The transaction, announced Monday, marks the end of Veris’ five-year pivot away from office and into a Class A multifamily platform concentrated in the Northeast. Once a hybrid office and apartment owner formerly known as Mack-Cali, the real estate investment trust spent years shedding suburban office assets, slimming its balance sheet and rebranding in an effort to win back investor confidence.
The buyer group is backing that bet. Affinius, which has roughly $61 billion in assets under management, has been an active multifamily investor across the country. Vista Hill is led by Bradford Klatt, co-founder of Roseland Property Company, and Jonathan Kushner of Kushner Real Estate Group. The partners are expected to finance the deal with a mix of equity and debt, including a $2.08 billion senior secured bridge loan.

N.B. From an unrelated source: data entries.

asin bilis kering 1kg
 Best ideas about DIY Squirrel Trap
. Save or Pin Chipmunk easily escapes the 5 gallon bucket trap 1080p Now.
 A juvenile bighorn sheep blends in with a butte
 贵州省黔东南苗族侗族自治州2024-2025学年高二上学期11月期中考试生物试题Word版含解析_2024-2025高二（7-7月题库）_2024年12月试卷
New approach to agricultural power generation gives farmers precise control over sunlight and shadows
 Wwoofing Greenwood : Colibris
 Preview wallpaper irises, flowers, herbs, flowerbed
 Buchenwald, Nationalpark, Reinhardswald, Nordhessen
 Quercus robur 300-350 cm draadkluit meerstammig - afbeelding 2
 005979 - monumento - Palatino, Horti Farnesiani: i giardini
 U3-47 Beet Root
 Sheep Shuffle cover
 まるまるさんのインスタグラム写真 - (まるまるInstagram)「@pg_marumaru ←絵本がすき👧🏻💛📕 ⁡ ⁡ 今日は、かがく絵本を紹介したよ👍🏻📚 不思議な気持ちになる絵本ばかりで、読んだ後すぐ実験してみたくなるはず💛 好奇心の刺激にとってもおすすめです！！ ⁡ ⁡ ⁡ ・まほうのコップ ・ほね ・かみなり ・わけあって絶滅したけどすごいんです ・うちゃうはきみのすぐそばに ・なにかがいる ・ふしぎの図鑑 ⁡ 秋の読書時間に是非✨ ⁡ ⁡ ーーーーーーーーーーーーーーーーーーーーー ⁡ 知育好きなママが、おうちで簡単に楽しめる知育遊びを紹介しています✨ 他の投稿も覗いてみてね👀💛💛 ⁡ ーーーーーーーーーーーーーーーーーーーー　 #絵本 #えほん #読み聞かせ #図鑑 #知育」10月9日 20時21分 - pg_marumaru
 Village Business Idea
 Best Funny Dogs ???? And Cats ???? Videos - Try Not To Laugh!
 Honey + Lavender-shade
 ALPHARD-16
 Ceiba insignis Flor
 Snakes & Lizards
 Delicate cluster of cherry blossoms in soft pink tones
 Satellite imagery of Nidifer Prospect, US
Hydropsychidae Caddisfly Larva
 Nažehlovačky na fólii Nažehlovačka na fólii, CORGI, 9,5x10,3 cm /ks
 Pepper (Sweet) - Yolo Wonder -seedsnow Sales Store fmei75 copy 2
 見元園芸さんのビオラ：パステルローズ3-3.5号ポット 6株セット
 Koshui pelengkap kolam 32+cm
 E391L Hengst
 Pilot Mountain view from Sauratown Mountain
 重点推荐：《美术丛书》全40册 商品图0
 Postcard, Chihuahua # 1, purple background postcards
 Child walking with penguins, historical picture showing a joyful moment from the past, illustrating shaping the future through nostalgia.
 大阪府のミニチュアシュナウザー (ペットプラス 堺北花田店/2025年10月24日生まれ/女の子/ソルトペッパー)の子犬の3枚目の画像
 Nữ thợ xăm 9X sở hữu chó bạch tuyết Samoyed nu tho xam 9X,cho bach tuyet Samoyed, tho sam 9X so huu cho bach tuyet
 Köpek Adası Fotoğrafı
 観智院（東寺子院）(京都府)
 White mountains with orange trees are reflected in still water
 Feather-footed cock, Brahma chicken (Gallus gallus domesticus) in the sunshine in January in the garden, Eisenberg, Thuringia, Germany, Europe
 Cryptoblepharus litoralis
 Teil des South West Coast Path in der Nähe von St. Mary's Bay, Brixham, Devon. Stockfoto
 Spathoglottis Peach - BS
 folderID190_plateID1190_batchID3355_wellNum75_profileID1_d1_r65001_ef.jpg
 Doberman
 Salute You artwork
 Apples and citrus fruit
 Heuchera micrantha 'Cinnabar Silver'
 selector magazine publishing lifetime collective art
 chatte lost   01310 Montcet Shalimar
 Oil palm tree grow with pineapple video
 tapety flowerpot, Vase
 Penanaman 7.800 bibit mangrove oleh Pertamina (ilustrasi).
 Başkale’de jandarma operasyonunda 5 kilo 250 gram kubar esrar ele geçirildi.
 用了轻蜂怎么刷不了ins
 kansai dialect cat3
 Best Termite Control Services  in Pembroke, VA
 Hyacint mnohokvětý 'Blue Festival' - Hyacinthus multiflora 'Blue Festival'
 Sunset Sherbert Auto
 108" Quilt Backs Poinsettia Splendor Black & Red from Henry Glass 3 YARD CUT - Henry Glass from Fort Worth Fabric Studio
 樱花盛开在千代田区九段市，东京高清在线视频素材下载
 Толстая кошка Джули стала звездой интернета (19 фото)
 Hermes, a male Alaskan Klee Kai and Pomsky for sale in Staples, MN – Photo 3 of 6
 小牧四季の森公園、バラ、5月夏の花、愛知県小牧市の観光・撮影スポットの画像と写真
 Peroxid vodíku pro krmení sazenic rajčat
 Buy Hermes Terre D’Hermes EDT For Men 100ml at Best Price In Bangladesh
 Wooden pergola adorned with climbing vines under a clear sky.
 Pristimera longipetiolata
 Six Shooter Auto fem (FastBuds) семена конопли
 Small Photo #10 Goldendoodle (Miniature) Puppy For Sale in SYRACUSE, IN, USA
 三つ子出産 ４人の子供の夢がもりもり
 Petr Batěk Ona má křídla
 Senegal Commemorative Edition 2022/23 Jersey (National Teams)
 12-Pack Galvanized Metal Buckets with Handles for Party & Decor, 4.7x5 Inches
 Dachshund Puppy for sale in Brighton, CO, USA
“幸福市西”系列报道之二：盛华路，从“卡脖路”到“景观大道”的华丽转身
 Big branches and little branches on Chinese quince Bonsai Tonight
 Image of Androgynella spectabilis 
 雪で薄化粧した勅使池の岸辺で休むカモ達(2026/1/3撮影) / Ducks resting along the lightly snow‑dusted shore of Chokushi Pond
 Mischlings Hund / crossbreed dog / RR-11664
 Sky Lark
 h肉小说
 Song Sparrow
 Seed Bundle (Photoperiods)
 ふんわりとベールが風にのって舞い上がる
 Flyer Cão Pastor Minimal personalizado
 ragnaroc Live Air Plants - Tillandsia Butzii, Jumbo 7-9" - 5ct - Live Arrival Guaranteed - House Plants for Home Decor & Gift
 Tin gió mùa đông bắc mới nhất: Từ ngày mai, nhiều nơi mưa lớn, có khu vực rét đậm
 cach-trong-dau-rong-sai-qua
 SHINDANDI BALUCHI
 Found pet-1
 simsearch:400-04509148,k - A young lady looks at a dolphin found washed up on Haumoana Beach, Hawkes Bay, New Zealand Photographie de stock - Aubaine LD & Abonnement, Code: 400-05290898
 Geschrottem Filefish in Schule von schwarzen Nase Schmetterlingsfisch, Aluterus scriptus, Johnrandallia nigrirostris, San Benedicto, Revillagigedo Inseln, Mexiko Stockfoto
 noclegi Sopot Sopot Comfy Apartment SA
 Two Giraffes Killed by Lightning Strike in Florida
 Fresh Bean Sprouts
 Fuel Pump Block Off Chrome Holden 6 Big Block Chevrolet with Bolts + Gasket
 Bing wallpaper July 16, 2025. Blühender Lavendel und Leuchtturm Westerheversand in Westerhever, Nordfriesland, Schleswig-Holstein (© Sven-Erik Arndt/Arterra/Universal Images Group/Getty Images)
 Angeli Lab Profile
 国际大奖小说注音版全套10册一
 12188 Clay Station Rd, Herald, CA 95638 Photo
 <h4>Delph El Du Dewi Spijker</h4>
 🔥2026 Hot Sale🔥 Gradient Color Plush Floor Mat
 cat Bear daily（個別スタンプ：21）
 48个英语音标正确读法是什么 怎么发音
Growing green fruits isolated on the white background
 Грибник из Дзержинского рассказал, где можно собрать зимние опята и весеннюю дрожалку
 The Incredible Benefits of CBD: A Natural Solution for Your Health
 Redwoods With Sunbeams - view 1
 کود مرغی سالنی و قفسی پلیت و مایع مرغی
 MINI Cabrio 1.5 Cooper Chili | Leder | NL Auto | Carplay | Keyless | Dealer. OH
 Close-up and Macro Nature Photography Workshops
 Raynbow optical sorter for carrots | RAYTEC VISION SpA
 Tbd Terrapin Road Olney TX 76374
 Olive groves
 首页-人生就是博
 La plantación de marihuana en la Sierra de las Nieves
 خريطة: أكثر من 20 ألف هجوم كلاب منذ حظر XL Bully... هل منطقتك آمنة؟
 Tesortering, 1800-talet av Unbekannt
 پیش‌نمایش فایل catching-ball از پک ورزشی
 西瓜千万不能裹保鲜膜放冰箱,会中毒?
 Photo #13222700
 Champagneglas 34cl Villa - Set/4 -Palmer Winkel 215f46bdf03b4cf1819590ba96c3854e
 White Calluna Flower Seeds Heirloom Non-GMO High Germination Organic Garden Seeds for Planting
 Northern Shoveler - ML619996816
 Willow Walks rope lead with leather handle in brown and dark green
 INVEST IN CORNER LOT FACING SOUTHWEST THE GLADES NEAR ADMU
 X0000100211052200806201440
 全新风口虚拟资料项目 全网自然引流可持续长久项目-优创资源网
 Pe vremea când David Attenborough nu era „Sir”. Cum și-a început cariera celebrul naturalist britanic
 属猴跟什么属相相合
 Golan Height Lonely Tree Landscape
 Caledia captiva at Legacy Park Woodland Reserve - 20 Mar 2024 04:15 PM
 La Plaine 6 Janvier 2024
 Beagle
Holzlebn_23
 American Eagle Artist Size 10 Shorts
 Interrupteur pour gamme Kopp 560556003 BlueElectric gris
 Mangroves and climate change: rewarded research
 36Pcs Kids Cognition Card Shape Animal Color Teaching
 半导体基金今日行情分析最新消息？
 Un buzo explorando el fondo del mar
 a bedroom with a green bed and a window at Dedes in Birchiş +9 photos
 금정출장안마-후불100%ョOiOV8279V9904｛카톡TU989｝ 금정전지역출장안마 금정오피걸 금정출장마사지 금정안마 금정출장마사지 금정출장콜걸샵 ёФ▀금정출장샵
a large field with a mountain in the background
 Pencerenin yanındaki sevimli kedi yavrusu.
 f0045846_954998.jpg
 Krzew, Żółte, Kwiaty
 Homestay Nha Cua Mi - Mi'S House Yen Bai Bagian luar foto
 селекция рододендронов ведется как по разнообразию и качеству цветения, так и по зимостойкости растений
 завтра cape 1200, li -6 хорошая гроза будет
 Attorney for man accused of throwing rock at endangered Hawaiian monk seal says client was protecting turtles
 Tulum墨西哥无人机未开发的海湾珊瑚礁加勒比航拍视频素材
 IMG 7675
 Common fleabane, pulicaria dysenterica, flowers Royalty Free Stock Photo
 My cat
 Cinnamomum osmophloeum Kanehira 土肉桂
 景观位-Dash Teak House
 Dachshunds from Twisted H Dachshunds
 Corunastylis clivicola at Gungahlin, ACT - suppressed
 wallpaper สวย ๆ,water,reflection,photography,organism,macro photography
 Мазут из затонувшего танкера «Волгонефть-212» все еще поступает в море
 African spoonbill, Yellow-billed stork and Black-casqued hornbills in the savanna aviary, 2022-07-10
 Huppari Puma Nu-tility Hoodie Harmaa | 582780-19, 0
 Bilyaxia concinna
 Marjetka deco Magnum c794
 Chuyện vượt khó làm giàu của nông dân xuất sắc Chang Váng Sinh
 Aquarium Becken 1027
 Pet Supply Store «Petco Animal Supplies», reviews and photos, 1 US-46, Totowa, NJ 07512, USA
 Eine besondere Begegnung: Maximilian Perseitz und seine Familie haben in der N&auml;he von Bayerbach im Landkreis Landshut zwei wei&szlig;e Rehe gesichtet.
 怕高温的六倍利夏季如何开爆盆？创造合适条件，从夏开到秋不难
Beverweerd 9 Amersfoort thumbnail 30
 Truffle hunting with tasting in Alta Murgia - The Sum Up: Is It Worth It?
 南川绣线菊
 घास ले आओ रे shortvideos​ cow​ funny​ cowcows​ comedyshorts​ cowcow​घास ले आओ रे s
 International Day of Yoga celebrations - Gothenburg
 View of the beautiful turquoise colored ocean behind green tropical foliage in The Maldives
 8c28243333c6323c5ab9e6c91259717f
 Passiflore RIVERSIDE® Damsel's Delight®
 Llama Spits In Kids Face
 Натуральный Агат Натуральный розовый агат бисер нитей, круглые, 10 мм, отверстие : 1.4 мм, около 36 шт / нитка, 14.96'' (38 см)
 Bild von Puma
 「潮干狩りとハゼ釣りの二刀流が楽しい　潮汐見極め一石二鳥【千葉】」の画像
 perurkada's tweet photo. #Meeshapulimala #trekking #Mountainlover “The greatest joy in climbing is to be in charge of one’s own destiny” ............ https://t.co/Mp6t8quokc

Veris’ board unanimously approved the sale following what the company described as a comprehensive strategic review process that included outreach to financial sponsors, sovereign wealth funds and pension investors. Bow Street, which owns about 5.6 percent of the company’s shares, agreed to vote in favor of the merger.
The deal is expected to close in the second quarter, subject to shareholder approval and customary conditions. After that, Veris’ shares will be delisted from the New York Stock Exchange.
The company reported fourth-quarter earnings Monday but scrapped its scheduled earnings call and declined to issue 2026 guidance, citing the pending transaction. It plans to pay its regular first-quarter dividend, then suspend payouts.
The deal was announced only weeks after activist investor pressure mounted against Veris’ state of affairs.
Erez Asset Management, which owns a 5 percent stake in the company, was pushing for Veris to put itself up for sale or undergo a review of strategic alternatives. Erez estimated “shareholders could realize approximately $22-$25 per share in a sale, after transaction expenses,” a mark this deal appears to fall short of.
Three years ago, Veris announced plans for a future review, coming on the heels of the company’s rebranding and a failed unsolicited takeover bid from Kushner Companies.
The acquisition attempt quickly turned ugly; at one point, Kushner accused Veris of misleading the public. Kushner ultimately dropped the takeover bid.